Material provided:
========
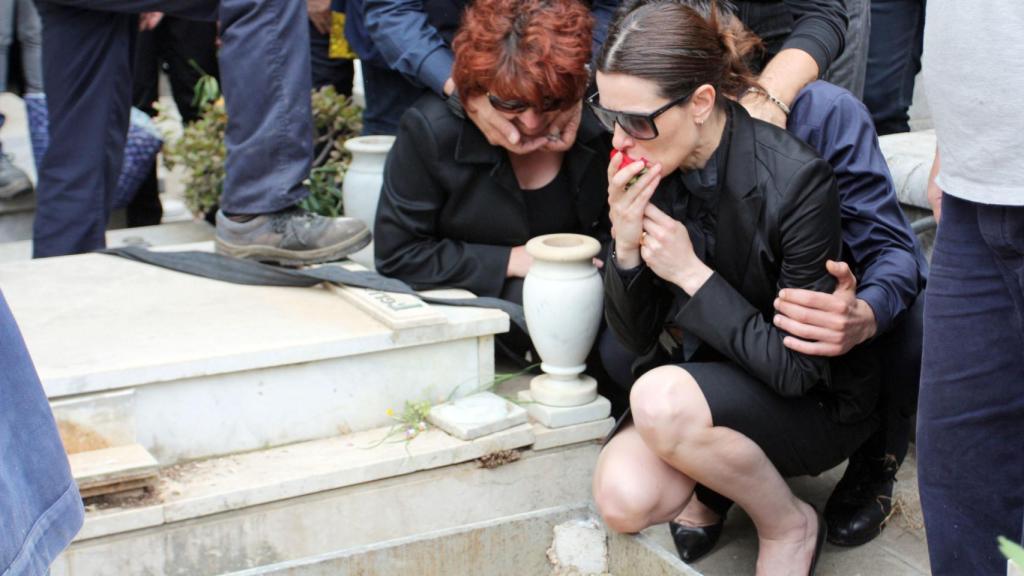 Raquel despidiéndose de Mario Biondo en su funeral.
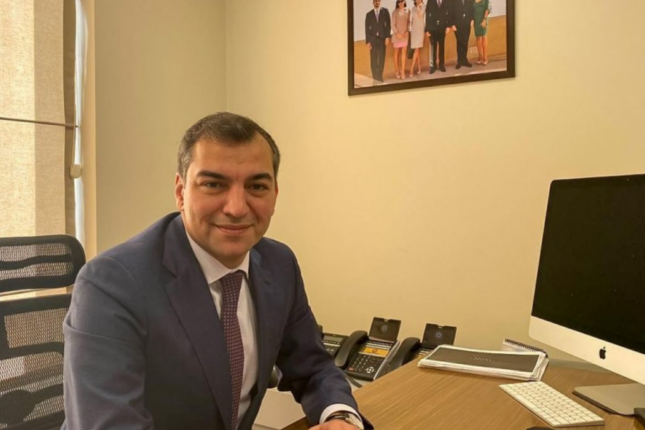 Həm mebel alıb, həm abadlıq işi görür- Turizm Agentliyinin sevimlisi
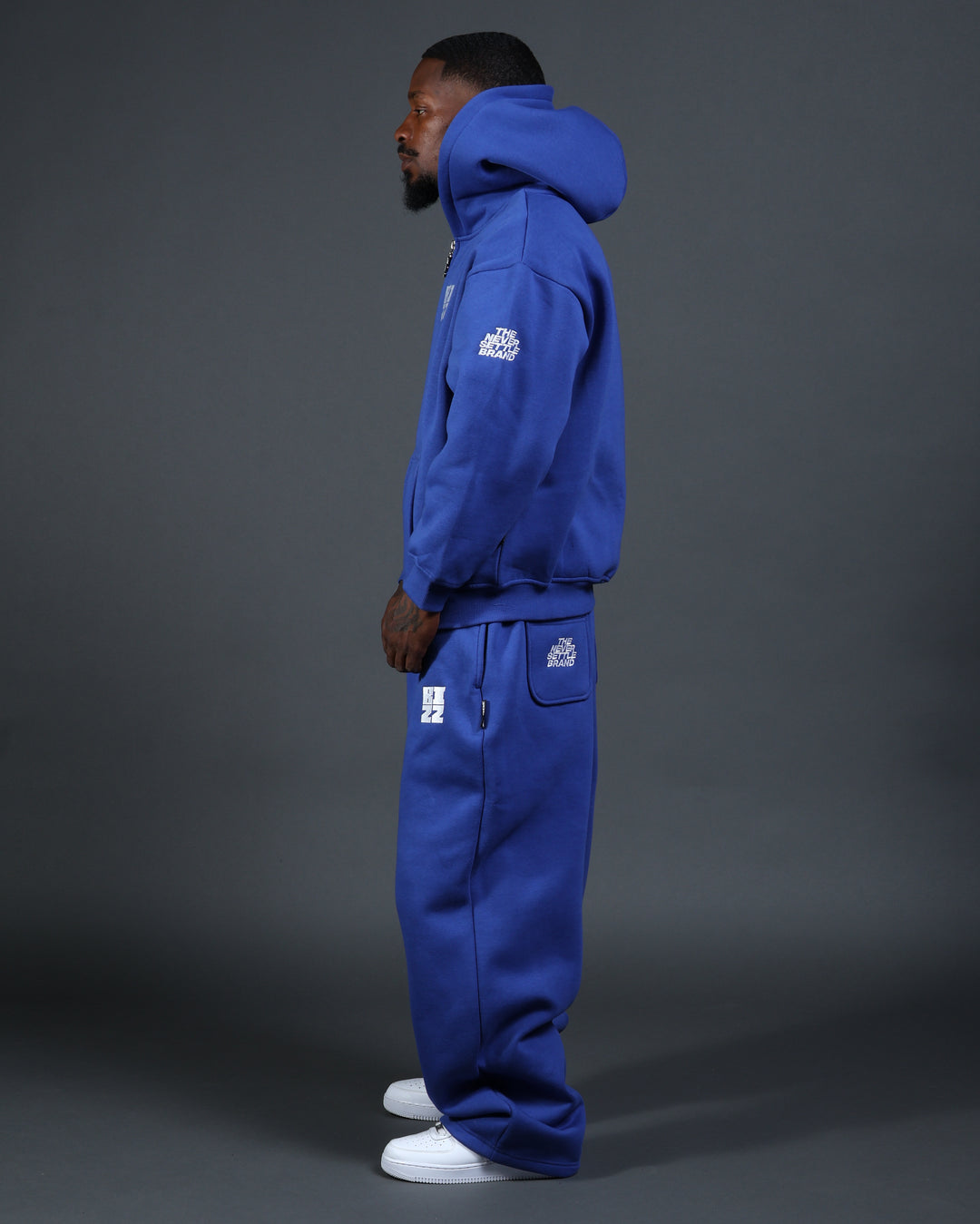 Bizz Sweatpants in Royal/White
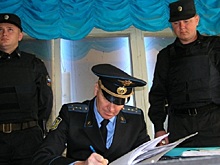 Петарды и бенгальские огни: волгоградец выплатил приставам долги по зарплате пиротехникой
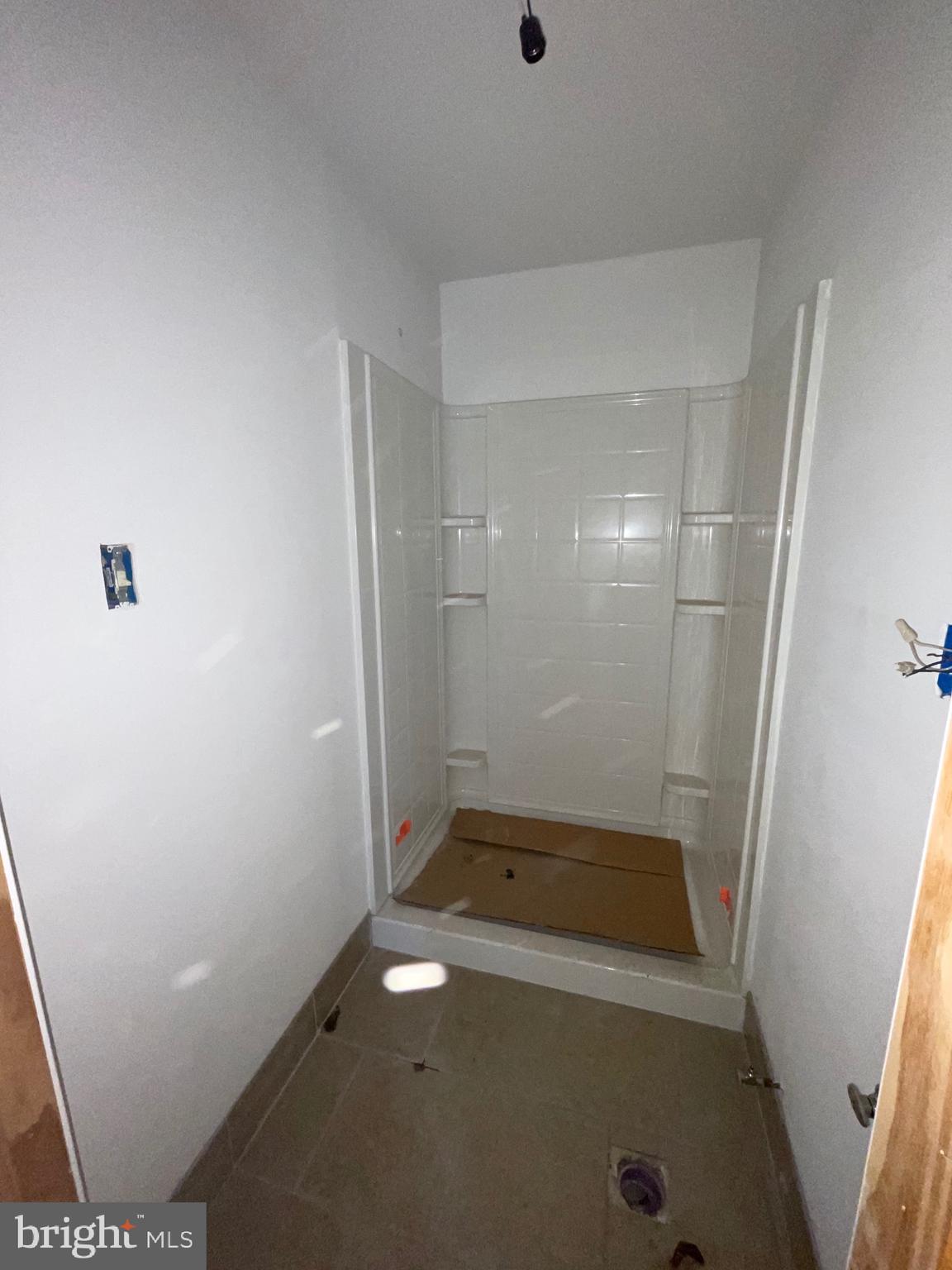 KINGSESSING - Commercial Sale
========
Required work:
With the pictures left out, copy exactly the lines from the one containing "Bizz Sweatpants in Royal/White" through the last line of the data.

Solution to this exercise:
 Bizz Sweatpants in Royal/White
 Петарды и бенгальские огни: волгоградец выплатил приставам долги по зарплате пиротехникой
 KINGSESSING - Commercial Sale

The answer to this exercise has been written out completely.